*** MATERIAL FOR THE TASK ***

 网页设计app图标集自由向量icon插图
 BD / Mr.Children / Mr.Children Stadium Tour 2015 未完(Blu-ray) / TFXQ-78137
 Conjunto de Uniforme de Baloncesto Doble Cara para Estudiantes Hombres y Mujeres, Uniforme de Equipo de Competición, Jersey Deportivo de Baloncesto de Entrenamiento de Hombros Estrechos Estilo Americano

*** End of MATERIAL FOR THE TASK ***
*** MATERIAL FOR THE TASK ***

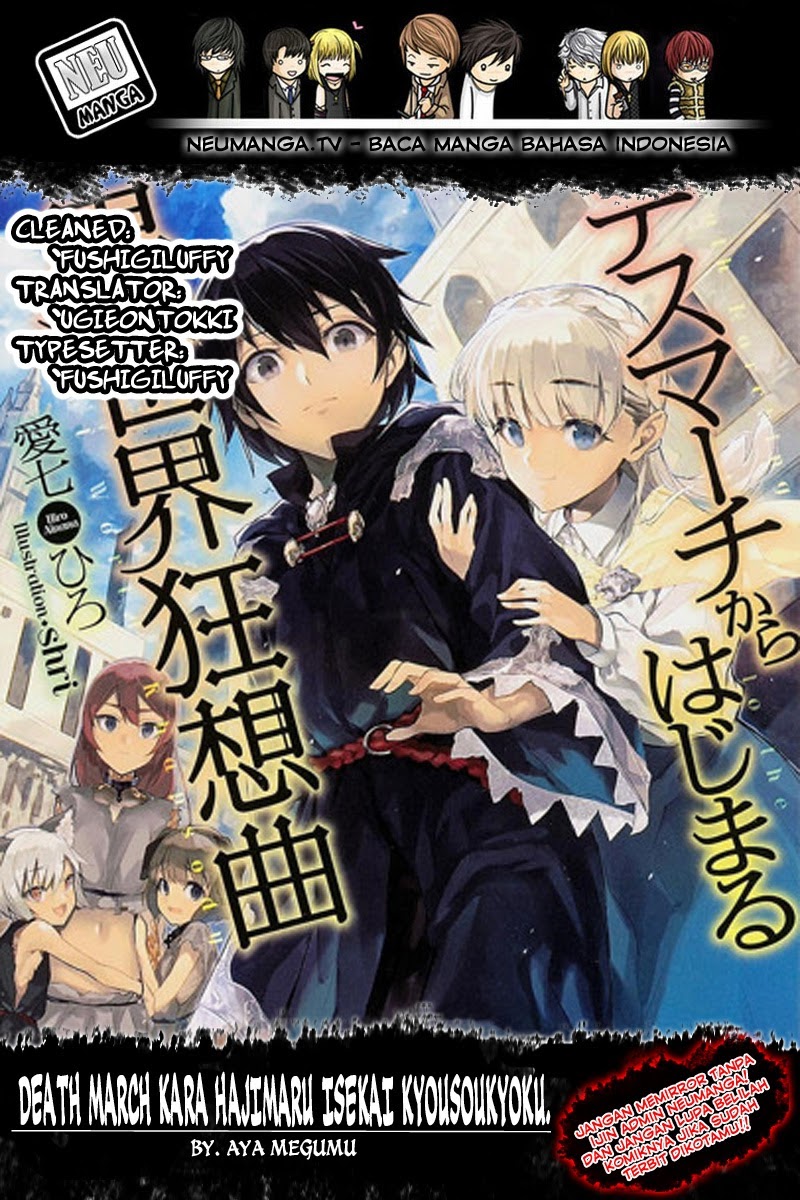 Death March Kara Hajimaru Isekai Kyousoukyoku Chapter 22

*** End of MATERIAL FOR THE TASK ***

Each line in the listing above from the one containing "BD / Mr.Children" through the one containing "Conjunto de Uniforme" should be repeated exactly, and no other line.

• [EXPECTED OUTPUT]:
 BD / Mr.Children / Mr.Children Stadium Tour 2015 未完(Blu-ray) / TFXQ-78137
 Conjunto de Uniforme de Baloncesto Doble Cara para Estudiantes Hombres y Mujeres, Uniforme de Equipo de Competición, Jersey Deportivo de Baloncesto de Entrenamiento de Hombros Estrechos Estilo Americano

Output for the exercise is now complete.